DIRECTIONS FOR THIS TASK: Could you print exactly the lines from the one that contains "Building Photo - 2200 S Ocean Blvd" to the end of the data, both ends included, and nothing else? Skip the pictures.

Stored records

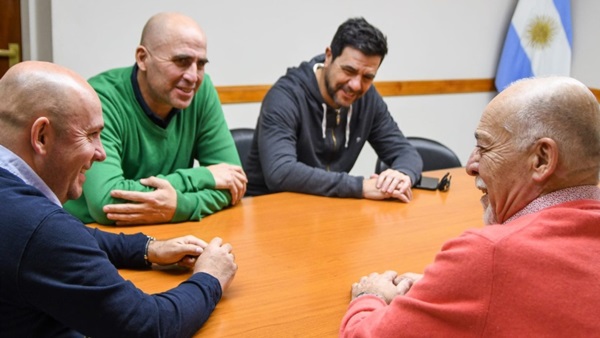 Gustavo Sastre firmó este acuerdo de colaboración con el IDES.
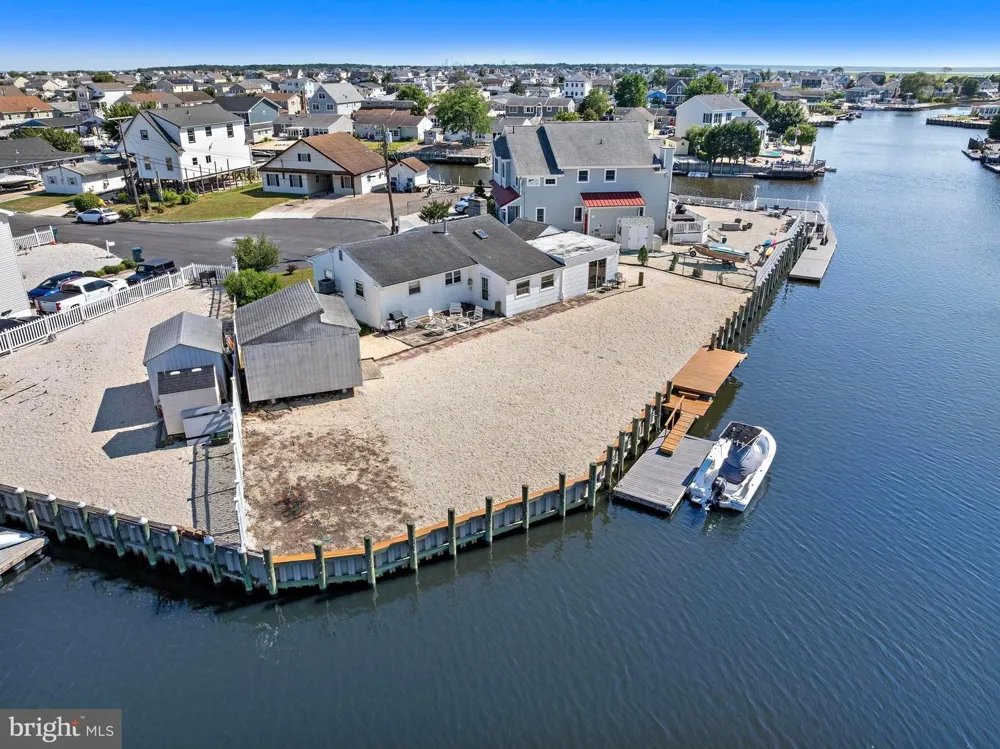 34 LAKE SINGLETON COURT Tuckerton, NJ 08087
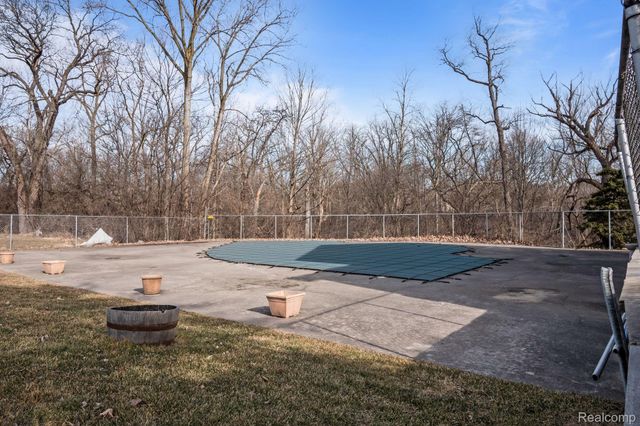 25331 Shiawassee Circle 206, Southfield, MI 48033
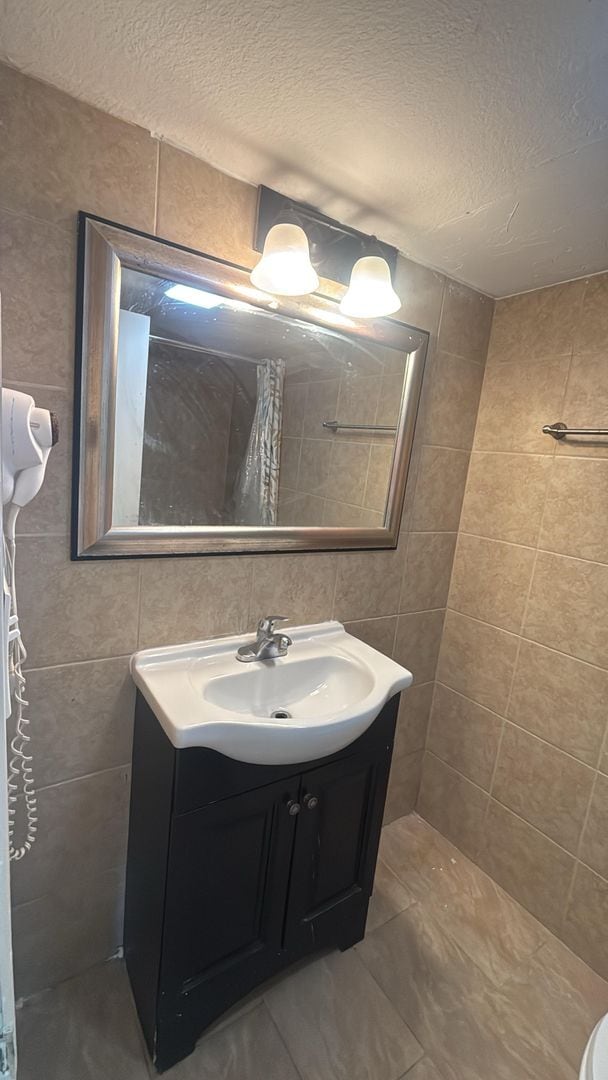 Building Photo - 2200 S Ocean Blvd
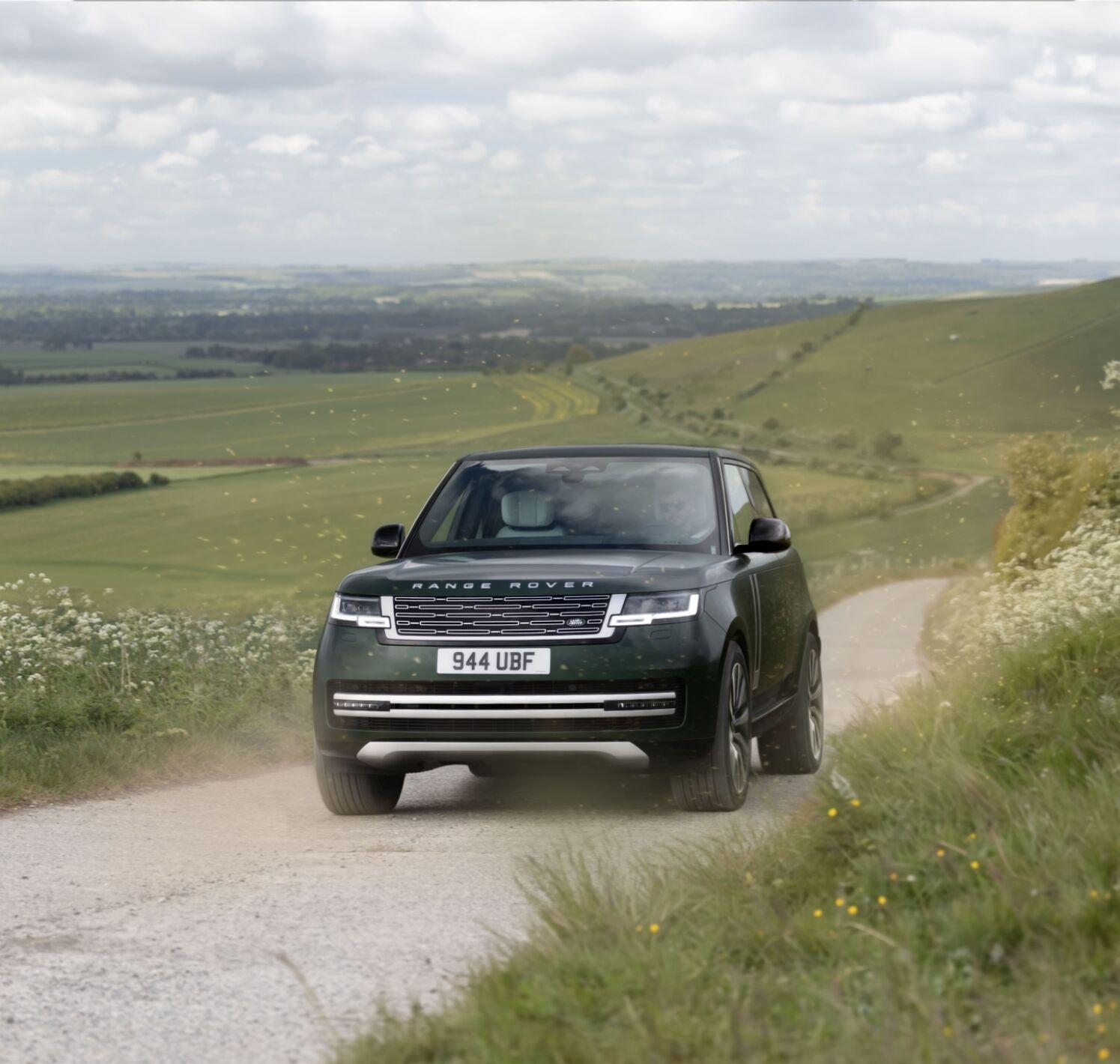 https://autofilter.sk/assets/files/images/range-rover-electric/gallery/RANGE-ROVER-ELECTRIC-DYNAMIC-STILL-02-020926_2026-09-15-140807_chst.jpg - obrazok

RESULT:
 Building Photo - 2200 S Ocean Blvd
 https://autofilter.sk/assets/files/images/range-rover-electric/gallery/RANGE-ROVER-ELECTRIC-DYNAMIC-STILL-02-020926_2026-09-15-140807_chst.jpg - obrazok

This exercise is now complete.